In the end, if five years ago our solutions seemed somewhat avant-garde, not to say futuristic and sometimes aroused a bit of skepticism, today the banks are aware of the digital urgency and it is the bankers themselves who eagerly seek our solutions.

You support the digital shift of the banking sector.
Do banks sometimes have to change their way of operating, their habits, to be able to use your technologies?
(Do you have to prepare them to work with you?)

So of course the digital revolution profoundly transforms not only the business model but also the corporate culture, its tools, and so on.

At NetGuardians we have a very concrete example.

Before the use of Artificial Intelligence, banks protected themselves with rules engines. Hundreds of rules were deployed on the information system to enforce security policies or detect the most obvious violations.
The advantage with rules was that a violation was very easy to understand. A violation of a compliance rule reported in a clear and accurate audit report was easy to understand and so was the response.
The disadvantage, however, was that the rules were a poor protection against financial crime and that's why fraud has exploded over the decade.

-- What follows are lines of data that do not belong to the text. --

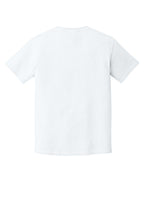 Rear View of White COMFORT COLORS Heavyweight Ring Spun Tee. 1717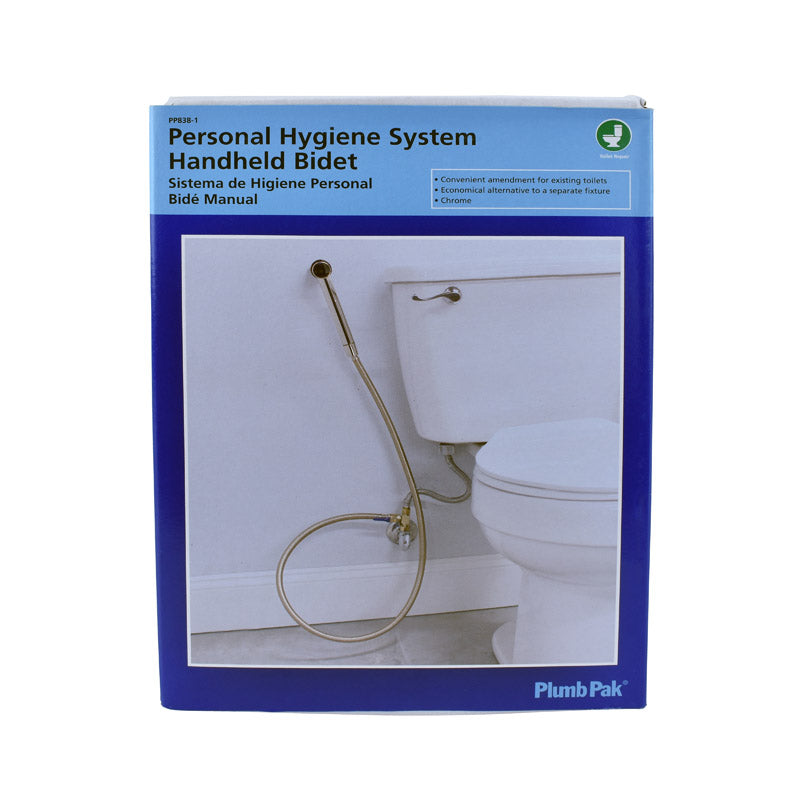 PLUMB PAK - Plumb Pak Silver Bidet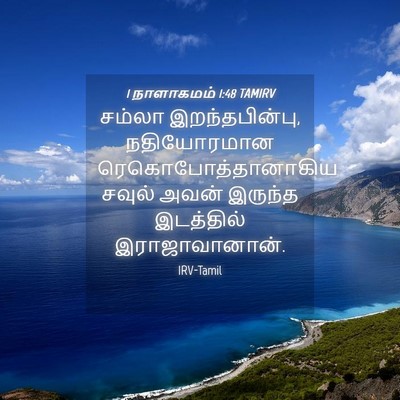 Picture 04 - 1 நாளாகமம் 1:48 TAMIRV - சம்லா - Bible Verse Picture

Today with artificial intelligence, the level of protection is excellent and without comparison with the era of the rules.
But the disadvantage of artificial intelligence is that accurately understanding a decision of the machine is much more difficult.

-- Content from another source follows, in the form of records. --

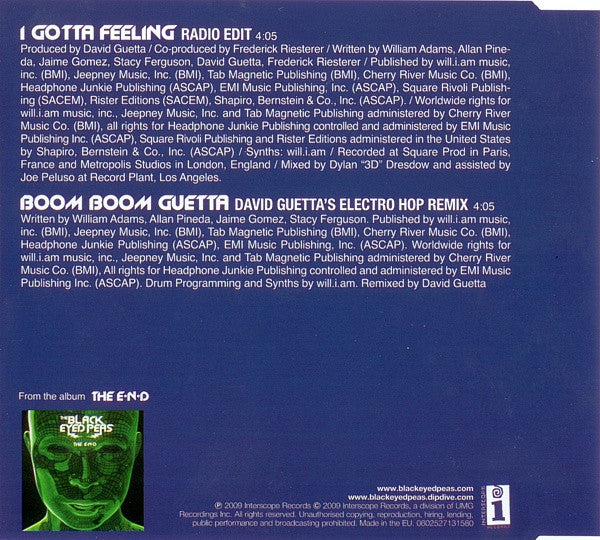 The Black Eyed Peas* -I Gotta Feeling
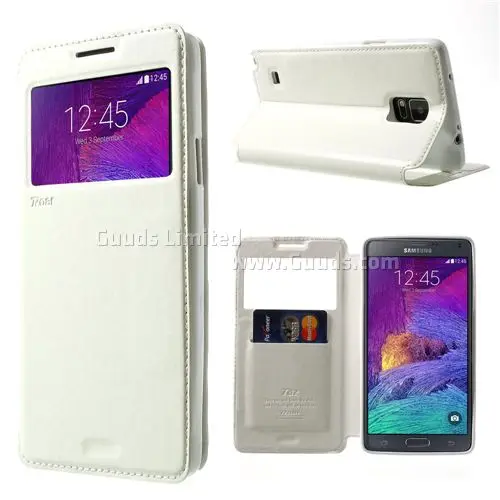 Кожаный чехол книжка RR Roar Korea Noble View для Samsung Galaxy Note 4 N910 Note4 бесплатная доставка|flip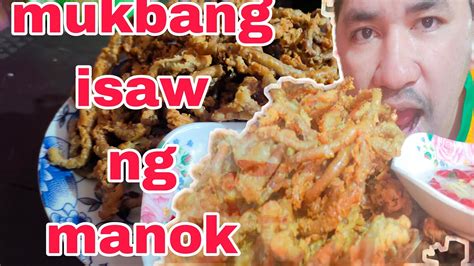 ASMR#mukbang isaw ng manok - YouTube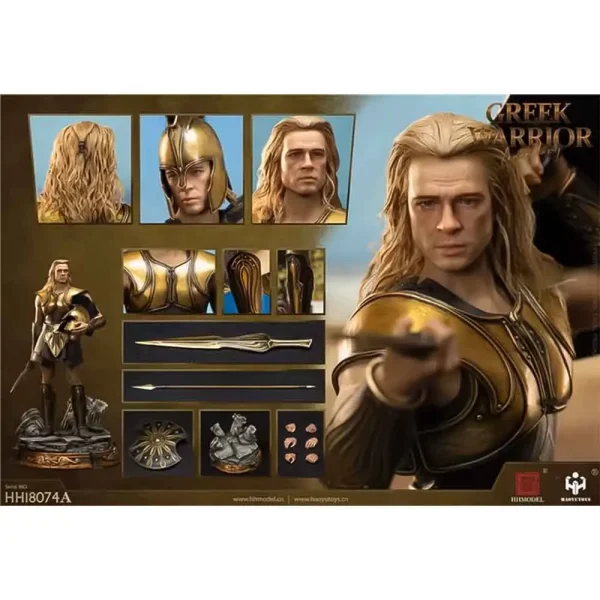 اکشن فیگور برد پیت تروی Legion Greek Legendary Warrior Deluxe | Troy برند HaoYu Toys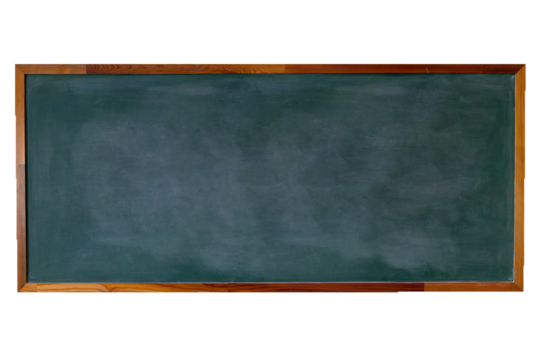 Empty green chalkboard texture hang on the white wall. double frame from greenboard and white background. image for background, wallpaper and copy space. bill board wood frame for add text.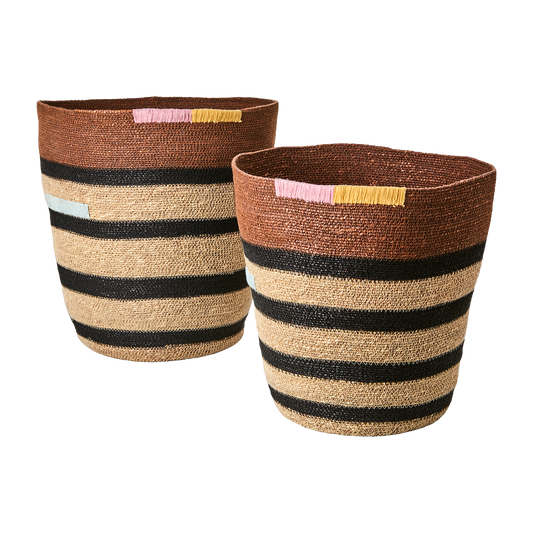 MADIBA Korg, set om 2, Flerfärgad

At NetGuardians, we develop with our algorithms a Forensic analysis application that allows bankers to understand the operation of the machine by presenting the context of the decision.
This forensic analysis application, which presents the results of our algorithms, is essential and almost as important as our algorithms themselves.

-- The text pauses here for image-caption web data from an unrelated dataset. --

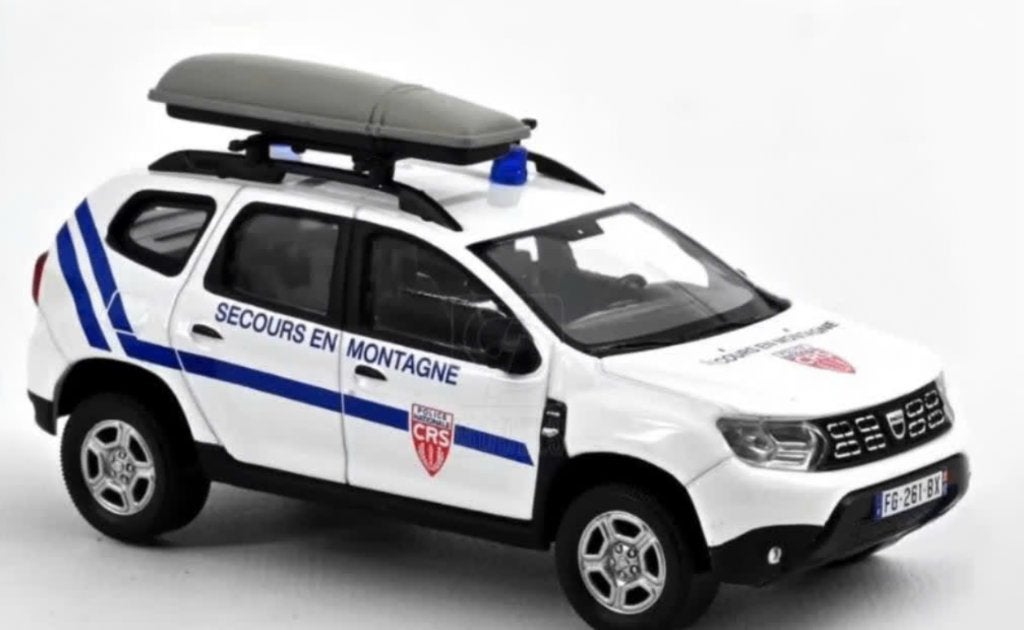 Dacia Duster 2020 Police CRS MONTAGNE 1/43 Norev ref. 509026, Verzenden, Nieuw, Auto, Norev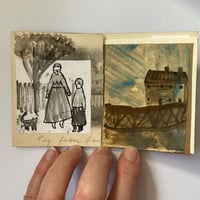 Image 4 of Quiet Lives - book one - mixed media artwork 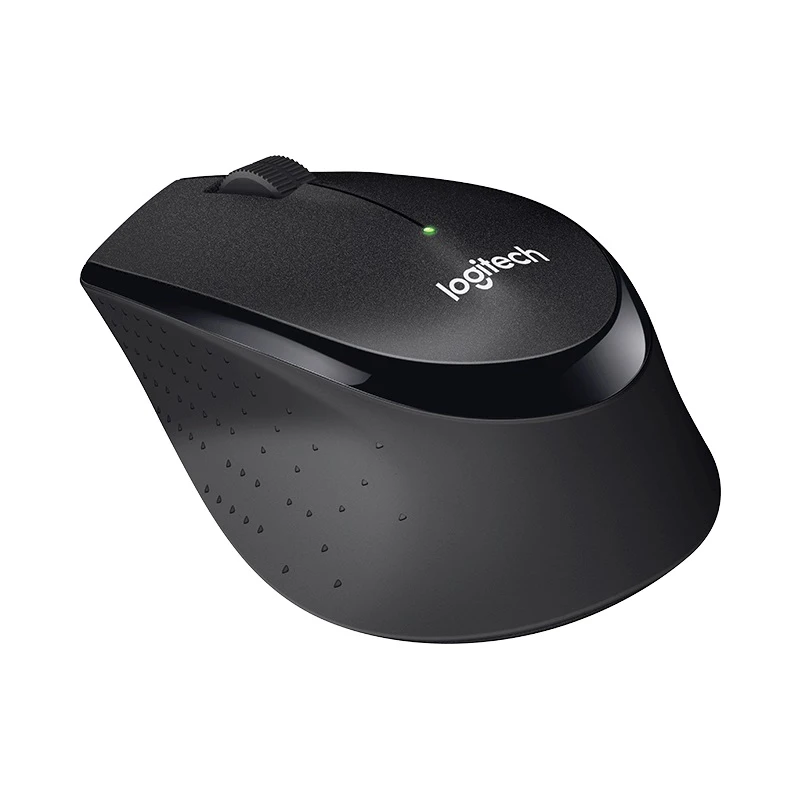 Мышь Logitech B330 Silent Plus черный оптическая(1000dpi) silent беспроводная USB(2but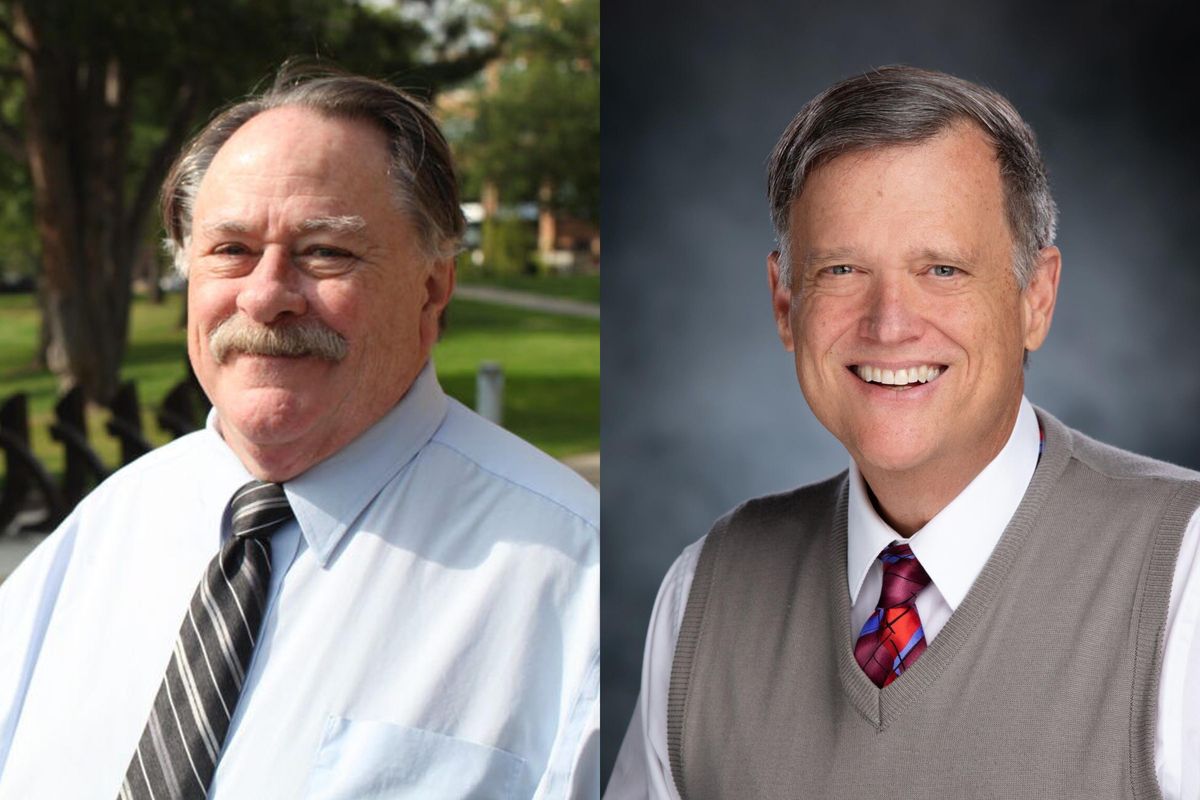 Clark Albritton, left, is challenging incumbent City Councilman Dan Gookin in the race for position 3 on the Coeur d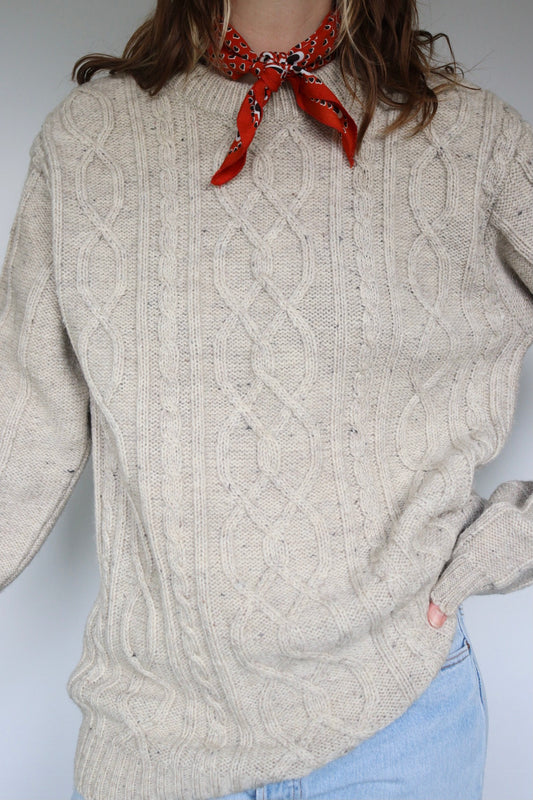 The Atlas Knit - vintage sweater - S up to L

This is a powerful application but requires a grip.

Tom Cruise in Minority Report who handles a data discovery application playing an orchestra conductor, it's easy in Hollywood, but it's not in reality.
In reality, we provide initial training to our users and then regular updates.

In the end, a data analysis and forensic application is not Microsoft Word. Our success is to make such an application accessible to everyone, but not without a little help.
In conclusion i would say that the culture transformation end the evolution of the tools do require some training and special care.

In general, what should a company prepare for, before making a digital shift?

In the digital age, many companies must transform their business model or disappear. Some services become obsolete, some new necessities appear.
We can mention Uber of course but also NetFlix, Booking, eBookers, etc.

For the majority of the industrial base, the digitalization of products and services is an absolute necessity, a question of survival.

Successful process and business model transformation often requires a transformation of the very culture of the company, down toits identity:
Among other things one could mention the following requirements:

  • scaling agility from product development to the whole company level
  • involving digital natives to identify and design digital services
  • realizing the urgency or if necessary create a sense of urgency
  • understanding the scale of the challenge and the necessary transformation. Some say "if it does not hurt, it is not digital transformation"

In summary I would say that a company is "mature" for digitalization if it is inspired by the digitalization of our daily life to adapt its products and services AND if it has the ability to execute its ideas.
Ideas without the ability to execute leads to mess, the ability to execute without the ideas leads to the status quo.

From there I would say that a company must prepare itself on these two dimensions, bring itself the conditions and resources required to identify and to design its digital products and those required to realize them.